Dalton Brick & Tile Co. v. Huiet

Decision Date15 July 1960
Docket NumberNo. 2,No. 38393,38393,2
Citation102 Ga.App. 221,115 S.E.2d 748
PartiesDALTON BRICK & TILE COMPANY v. Ben T. HUIET, Commissioner, etc., et al
CourtGeorgia Court of Appeals

Syllabus by the Court.

1. The Employment Security Acts, being remedial in character, are to be given a liberal construction.

2. Where an employee is otherwise eligible for unemployment compensation benefits under the act, and it is contended that he is disqualified because of some proviso or exception therein contained, the burden is on the employer urging the disqualification to show by a preponderance of evidence that the applicant for compensation comes within the exception.

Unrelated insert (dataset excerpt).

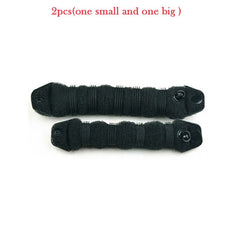 Women Hair Braid Clip Magic Styling Stick Bun Maker Tool Fashion Accessories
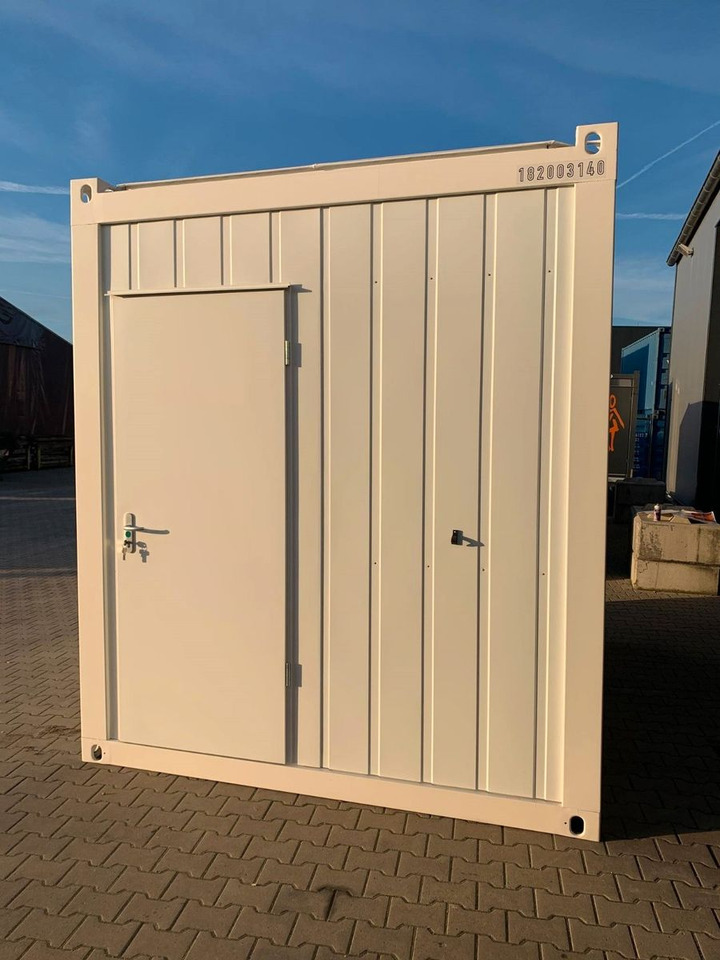 MAX Container Baustelle Lager Materialcontainer - Container transporter/ Swap body semi-trailer: picture 3 MAX Container Baustelle Lager Materialcontainer - Container transporter/ Swap body semi-trailer: picture 3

3. The findings of fact of the board of review are conclusive where supported by any evidence. There is sufficient evidence in this record to support its finding that, although a labor dispute was in existence at the time the employer initiated the work stoppage, the fact that the employer at the time had no orders for its manufactured product was of at least equal influence in its decision to close down, for which reason the employer failed to show by a preponderance of the evidence that the labor dispute was the efficient proximate cause of the unemployment. It follows that the applicants were entitled to the unemployment benefits awarded.

Hoyt Whaley and 28 other employees of Dalton Brick and Tile Company filed applications for benefits under the Georgia Employment Security Law (Code, Ann. § 54-601 et seq., Ga.L.1937, p. 806; 1937-38, Ex. Sess., p. 356 as amended). On December 23, 1958, the examiner entered a determination in favor of the applicants, which, however, was set aside, and on January 26, 1959, an amended determination was released finding them not eligible for compensation. On April 1, 1959, on appeal to the appeals referee, this latter order was affirmed. On September 4, 1959, the board of review to which the decision was appealed, and which board has authority to enter a de novo finding either upon the record as made or after hearing additional evidence, made its finding in favor of the applicants under the provisions of Code (Ann.) § 54-615. The employer then filed its petition in the Superior Court of Whitfield County seeking to have the decision reviewed, and from the judgment of affirmance of the judge of that court this appeal is brought, naming as defendants in error the applicants and Ben T. Huiet as Commissioner of Labor.

Fisher, Phillips & Allen, Charles M. Williamson, Atlanta, for plaintiff in error.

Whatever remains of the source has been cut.